Ask most people married to Ukrainian Americans who are not of Ukrainian descent themselves and they'll tell you that they have welcomed the Ukrainian culture and traditions. (Except for the Ukrainian custom of visiting the family dead after Easter - what my sisters and I fondly refer to as "Grave Day." That custom, says my brother-in-law Pete Hausler, is a "bit overwhelming. The whole day is spent chasing a priest around the cemetery." And of course there's the picnicking on the graves ...

First introductions to the Ukrainian American community can be tough. Dana Pencak of Windermere, Fla., says it was "difficult at first because of the rich culture and the Ukrainian language. But that only encouraged me to want to become a part of it. America is a melting pot, and people have lost their traditions. When I met [husband] Adrian's family, I wanted to learn the language, become part of the tradition."

Brian Tomko of Millburn, N.J., says that when he first started dating his wife, Anya, some people, especially men, would speak Ukrainian in front of him on purpose. "They knew I didn't understand the language, and they made it a barrier." Mr. Tomko has learned to speak Ukrainian and now, he laughs, "there are advantages to being excluded - I can tune certain people out."

Julie Gnoy of Warren, N.J., says that being introduced as the new girlfriend of a Ukrainian American man was "very intimidating," but that her sister-in-law, Chrystia Stasiuk, took her under her wing and helped her meet people.

Ghassan Chehadé of West Orange, N.J., noticed that "Ukrainians in America are very attached to each other through Ukrainian school, church, community." He is amazed that "neighbors in America don't know each other, but Ukrainians here know Ukrainians in Toronto." Mr.
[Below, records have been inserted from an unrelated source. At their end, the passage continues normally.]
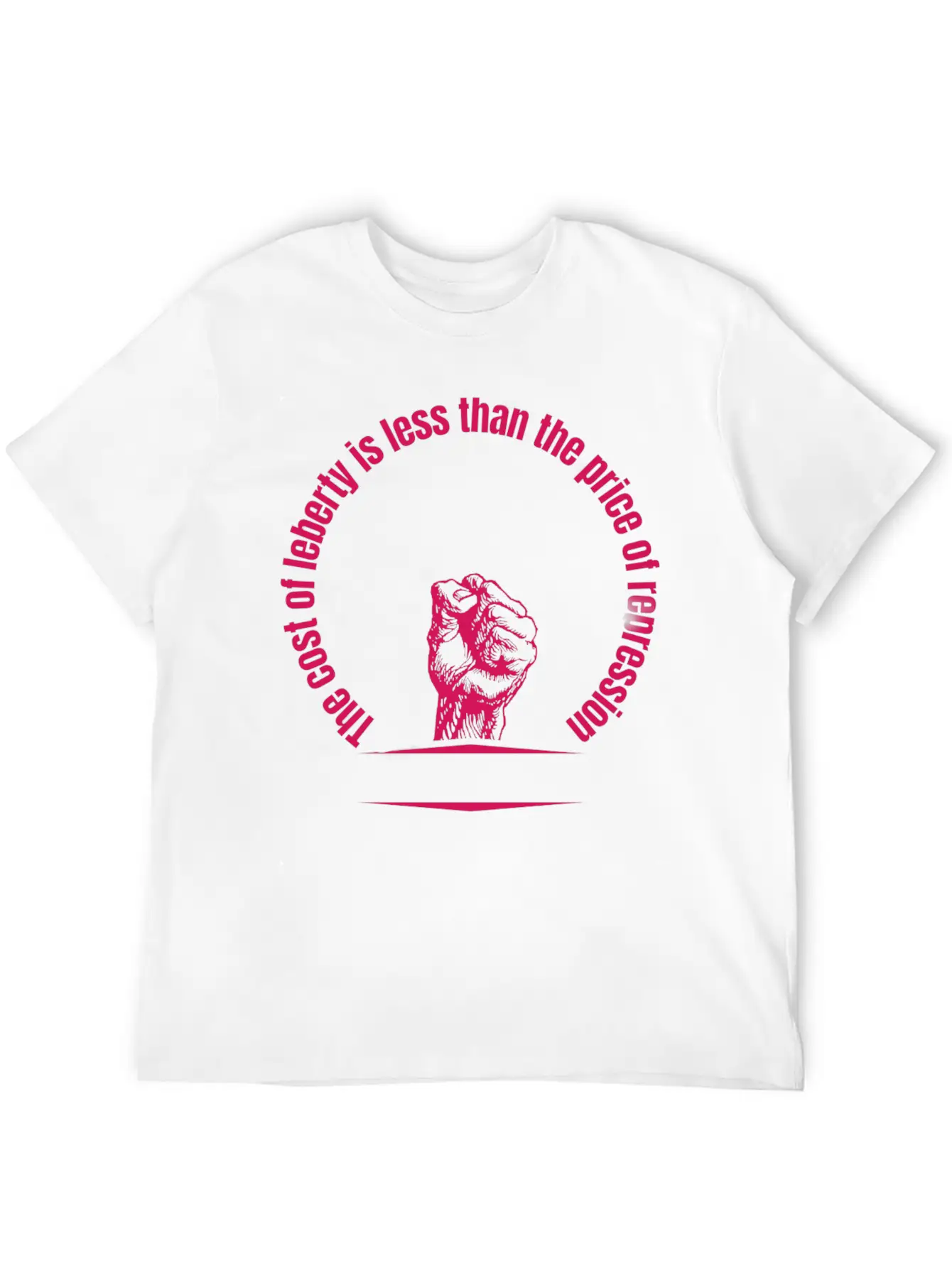 Cost Of Liberty Is Less Than The Price Of Repressi Essential Cotton Tee For Daily Outfits – Unisex Style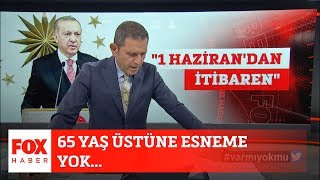 65 yaş üstüne esneme yok... 29 Mayıs 2020 Fatih Portakal ile FOX Ana H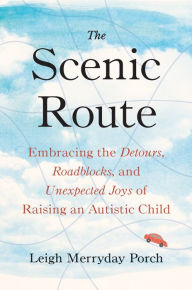 Title: The Scenic Route: Embracing the Detours, Roadblocks, and Unexpected Joys of Raising an Autistic Child, Author: Leigh Merryday Porch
Chehadé was born in Lebanon and met his wife, Inya Bonacorsa, in Kyiv where he was studying. Neither could speak the other's language, so they communicated in French.

Douglas Forbes of Boulder, Colo., says it helps if you're interested in "other cultures, other languages, in travel," but that if you aren't a social person, "you might have a hard time with Ukrainian weddings, zabavas and funerals." He met his wife, Lida Bihun, at college where he studied the Russian language, and they lived together for several months, in Ukraine where he learned to speak Ukrainian.

All the people I spoke to have incorporated the Ukrainian heritage into their lives, in varying ways. Some have children who speak Ukrainian. Some have baptized their kids in the Ukrainian faith. Some have learned to speak Ukrainian themselves. There are many Ukrainian Americans who have not maintained their Ukrainian heritage; I have great respect for the non-Ukrainians who try.

The mix of Ukrainian and other cultures has had some interesting results. Douglas Forbes comes from a large Scottish clan. "I grew up with a strong sense of tradition. My family is focused around a giant interconnected web of shared values," he said. "Lida and I both have strong traditions, and with a little effort, our kids will grow up with strong feelings of inheritance from both sides of the family."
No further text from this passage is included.